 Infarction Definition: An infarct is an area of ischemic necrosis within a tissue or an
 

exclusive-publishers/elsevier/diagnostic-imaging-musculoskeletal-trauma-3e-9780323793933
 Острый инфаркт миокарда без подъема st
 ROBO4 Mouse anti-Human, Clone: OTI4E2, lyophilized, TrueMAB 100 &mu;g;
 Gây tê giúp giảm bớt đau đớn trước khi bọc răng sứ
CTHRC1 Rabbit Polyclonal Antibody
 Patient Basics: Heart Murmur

...

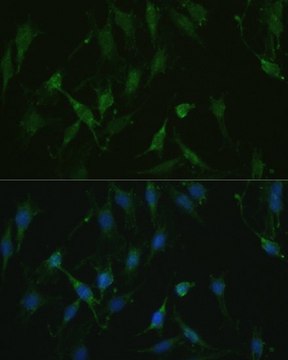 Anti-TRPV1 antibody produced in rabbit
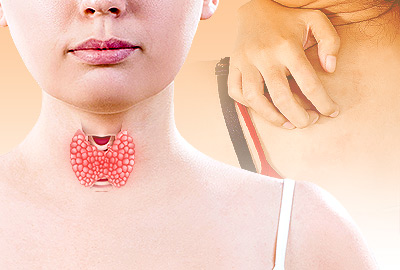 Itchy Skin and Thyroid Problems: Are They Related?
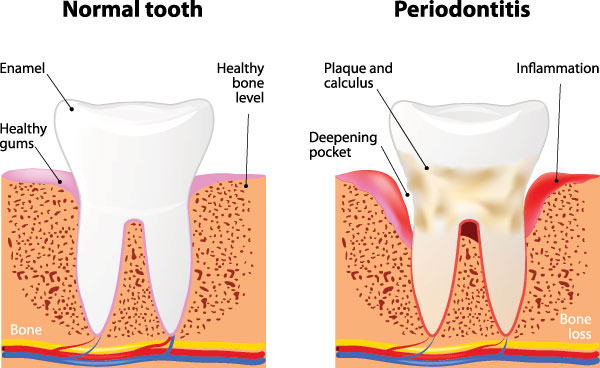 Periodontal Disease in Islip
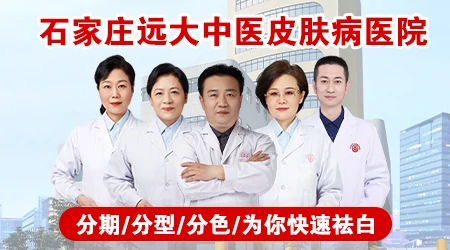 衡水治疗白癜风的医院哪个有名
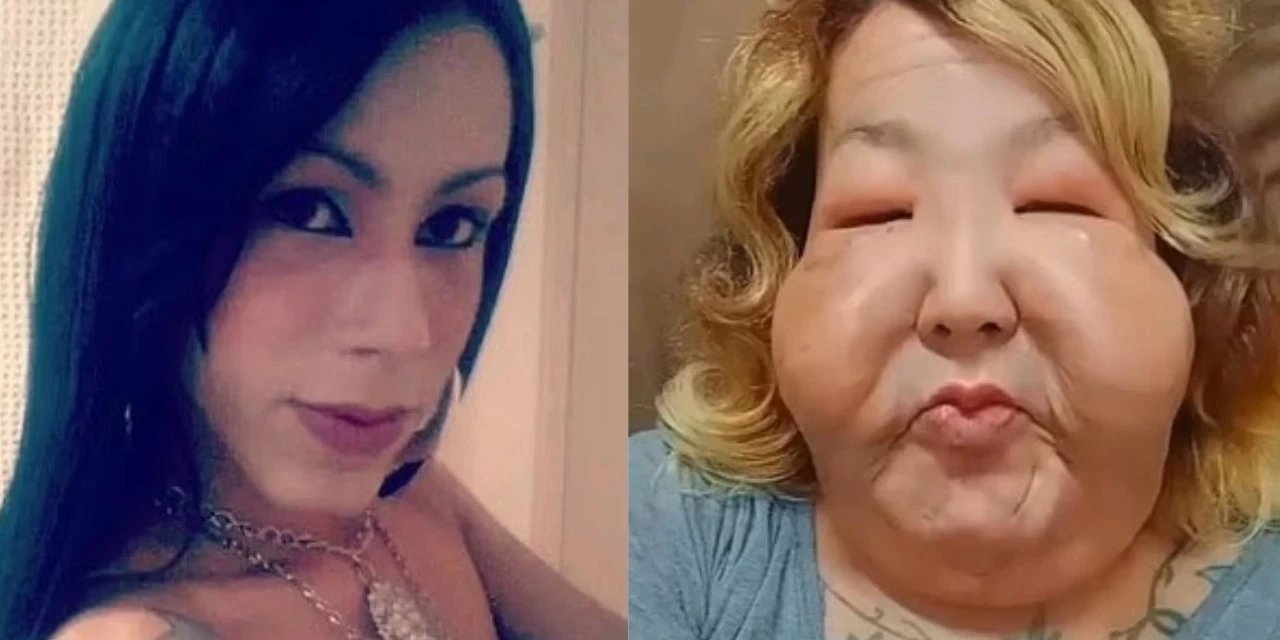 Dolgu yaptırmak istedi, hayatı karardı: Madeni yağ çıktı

* * *

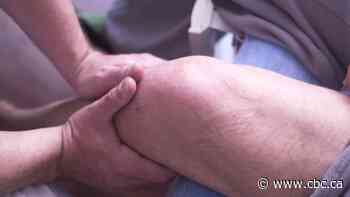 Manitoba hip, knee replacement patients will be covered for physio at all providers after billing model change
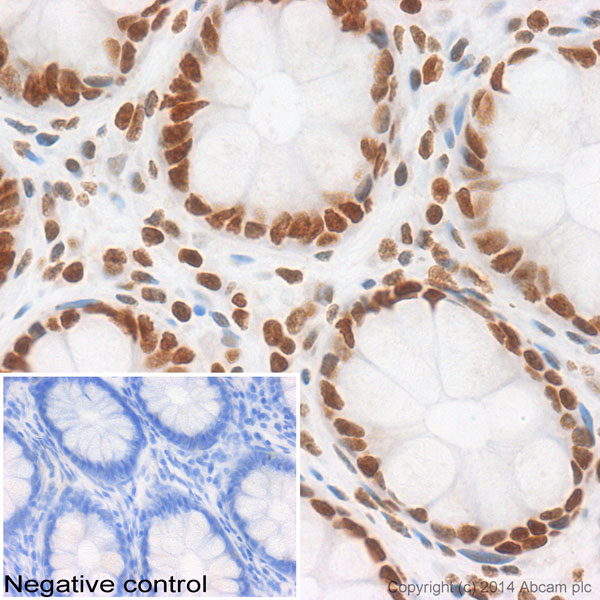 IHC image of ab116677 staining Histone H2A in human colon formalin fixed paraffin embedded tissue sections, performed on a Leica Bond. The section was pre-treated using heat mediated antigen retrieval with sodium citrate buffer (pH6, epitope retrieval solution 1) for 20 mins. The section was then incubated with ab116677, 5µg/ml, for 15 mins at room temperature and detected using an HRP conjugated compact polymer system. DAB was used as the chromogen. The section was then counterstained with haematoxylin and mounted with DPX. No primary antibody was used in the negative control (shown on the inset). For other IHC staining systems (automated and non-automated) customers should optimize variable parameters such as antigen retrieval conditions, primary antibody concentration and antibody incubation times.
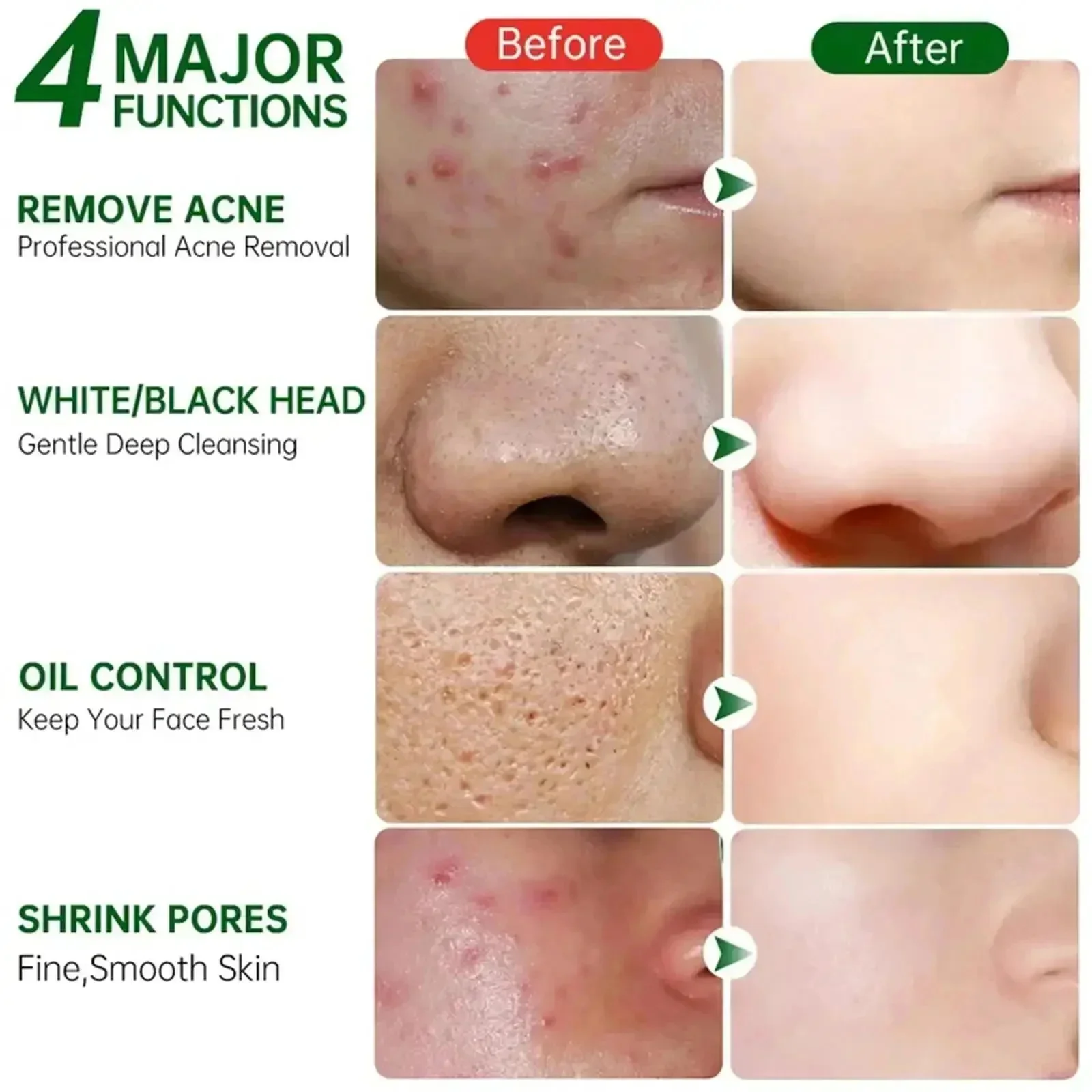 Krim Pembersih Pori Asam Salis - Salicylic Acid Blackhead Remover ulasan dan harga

PROBLEM STATEMENT. All that is wanted is an exact copy of the lines above from the one with "Infarction Definition: An" through the one with "ROBO4 Mouse anti-Human, Clone: OTI4E2, lyophilized, TrueMAB", with both ends included.

YOUR RESPONSE.
 Infarction Definition: An infarct is an area of ischemic necrosis within a tissue or an
 

exclusive-publishers/elsevier/diagnostic-imaging-musculoskeletal-trauma-3e-9780323793933
 Острый инфаркт миокарда без подъема st
 ROBO4 Mouse anti-Human, Clone: OTI4E2, lyophilized, TrueMAB 100 &mu;g;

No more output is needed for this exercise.